WHAT YOU HAVE TO DO: If a record holds a picture, leave the picture out and restate everything else word for word.

EXERCISE DATA:
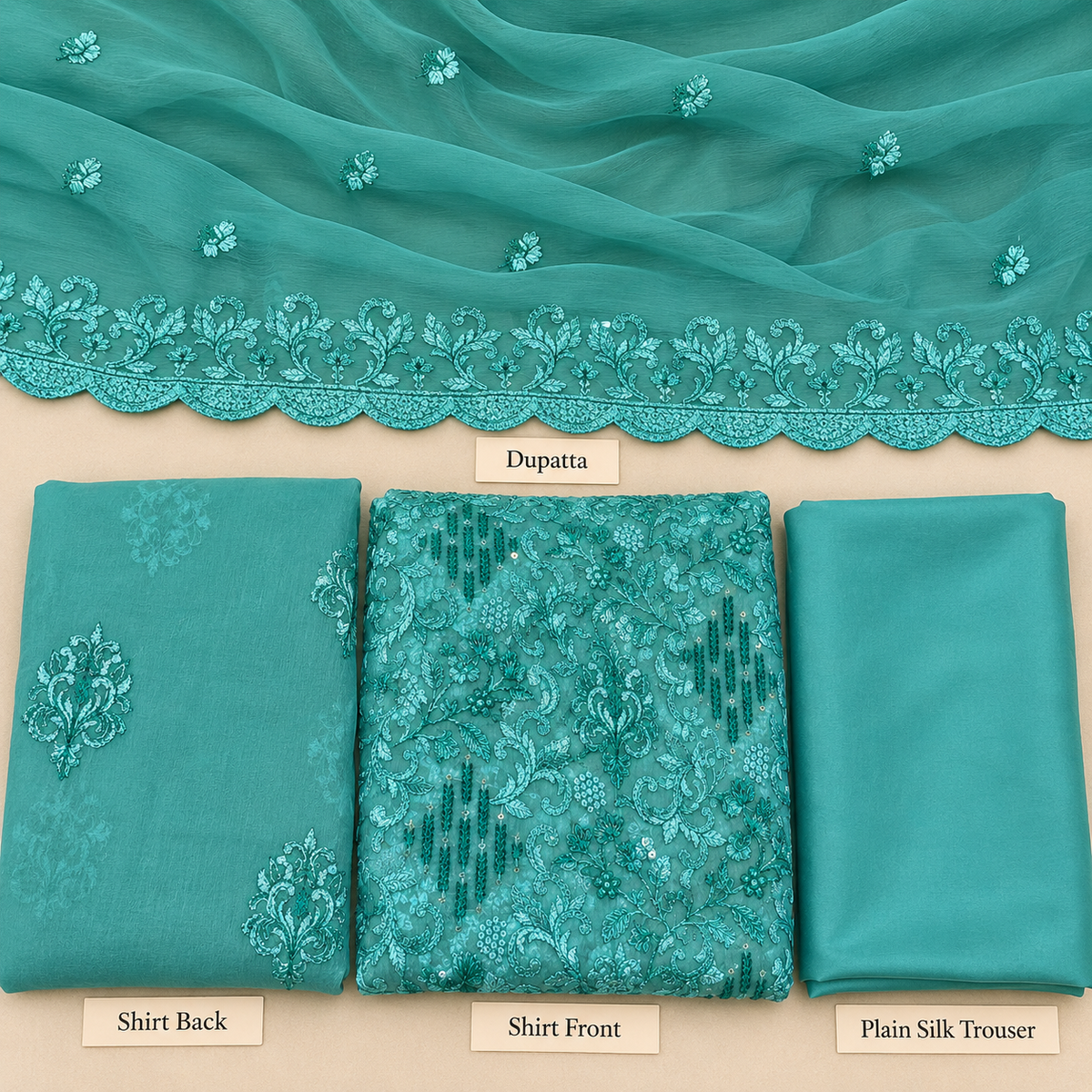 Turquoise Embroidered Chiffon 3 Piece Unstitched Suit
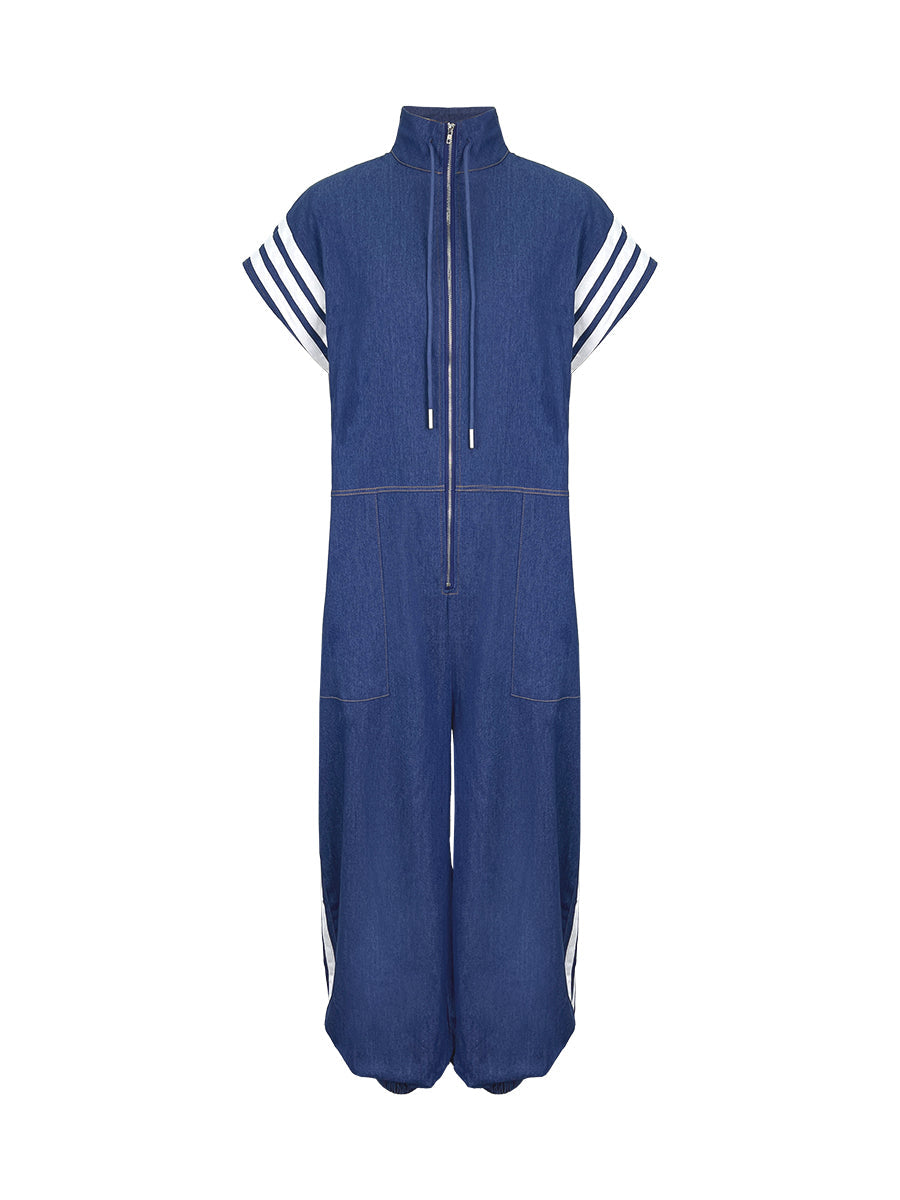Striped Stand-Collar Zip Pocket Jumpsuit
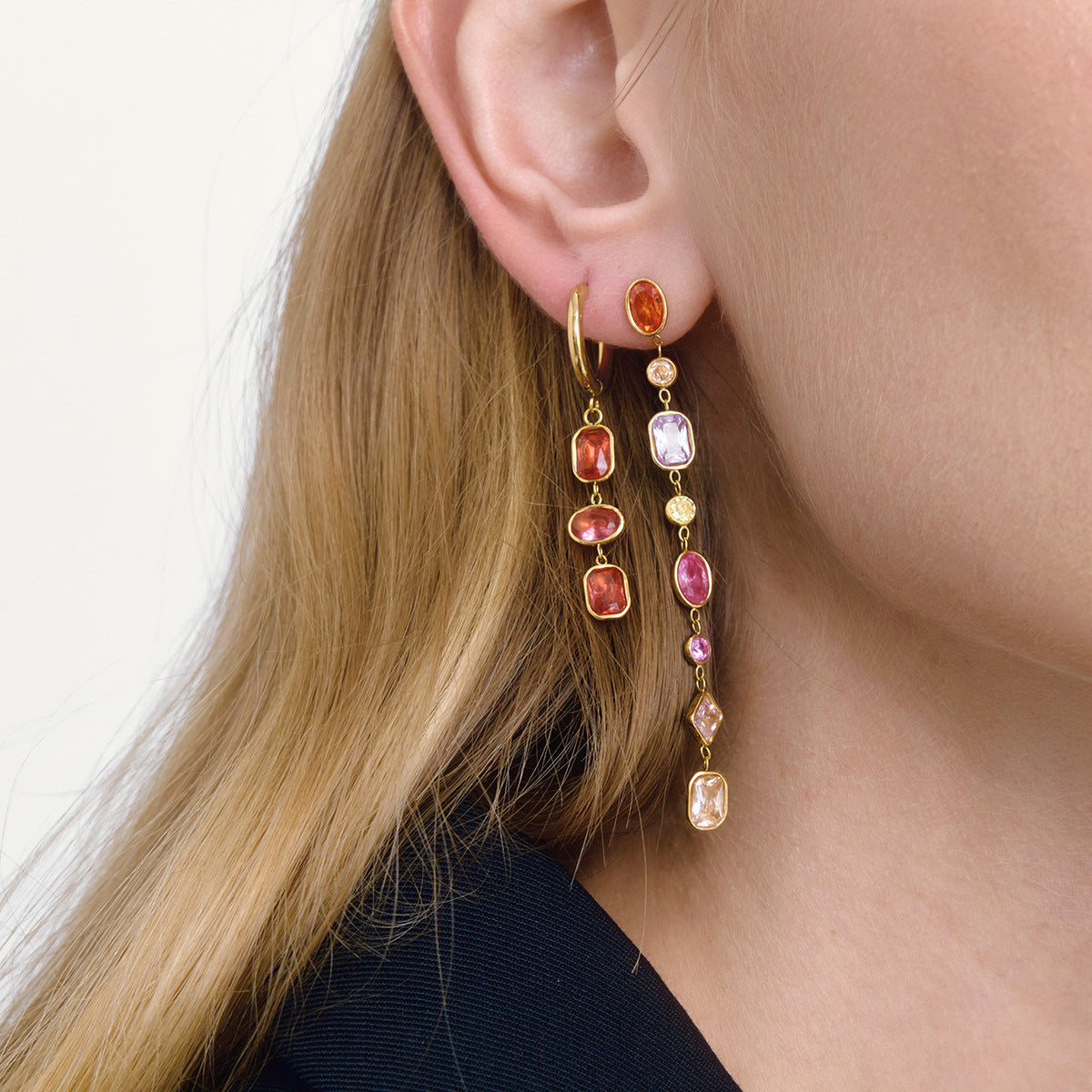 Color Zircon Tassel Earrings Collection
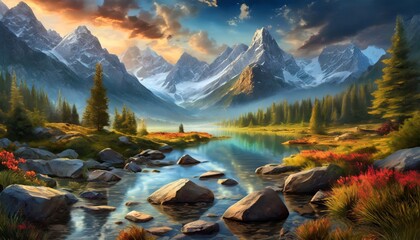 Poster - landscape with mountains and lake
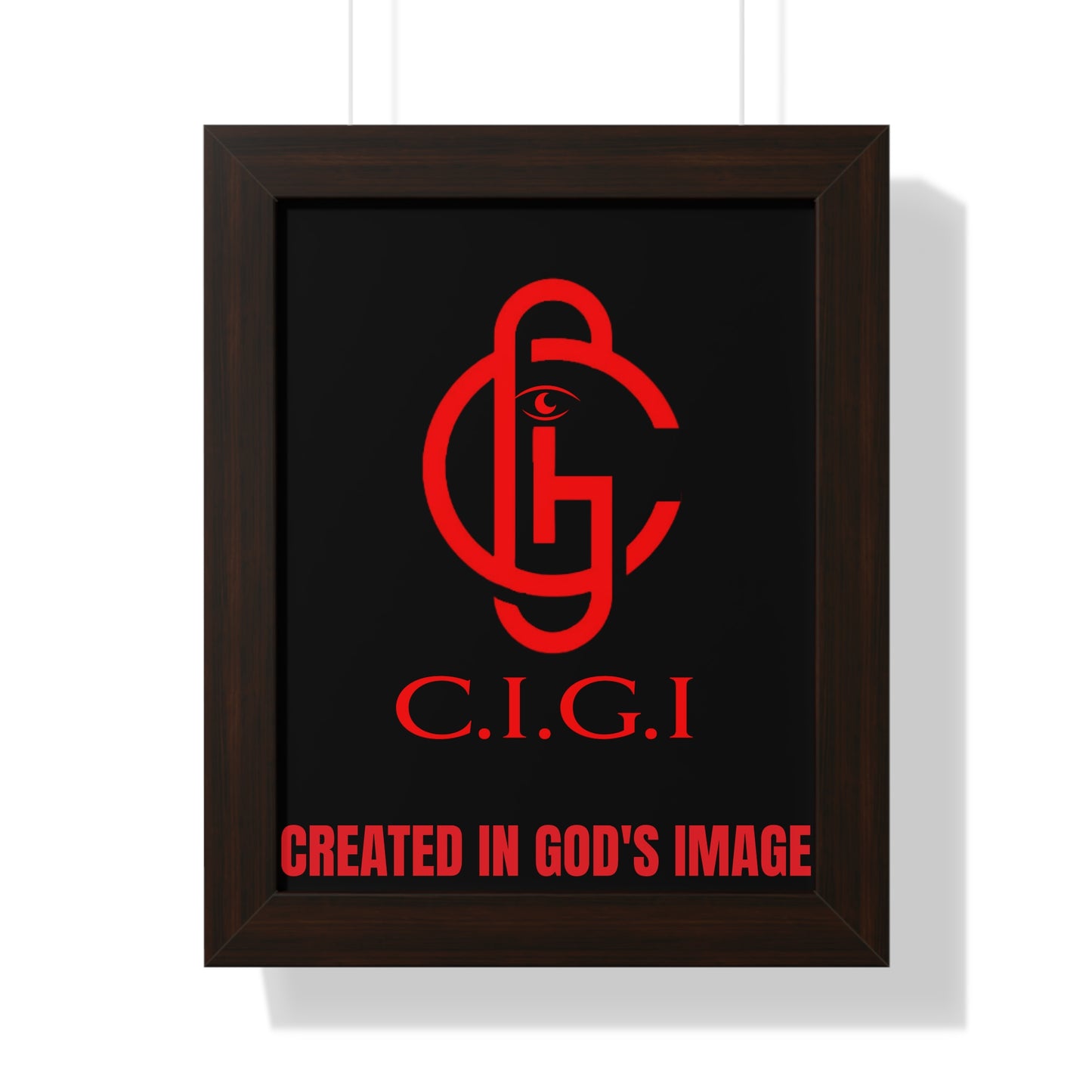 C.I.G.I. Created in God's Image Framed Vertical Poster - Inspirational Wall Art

EXERCISE RESULT:
 Turquoise Embroidered Chiffon 3 Piece Unstitched Suit
Striped Stand-Collar Zip Pocket Jumpsuit
 Color Zircon Tassel Earrings Collection
 Poster - landscape with mountains and lake
 C.I.G.I. Created in God's Image Framed Vertical Poster - Inspirational Wall Art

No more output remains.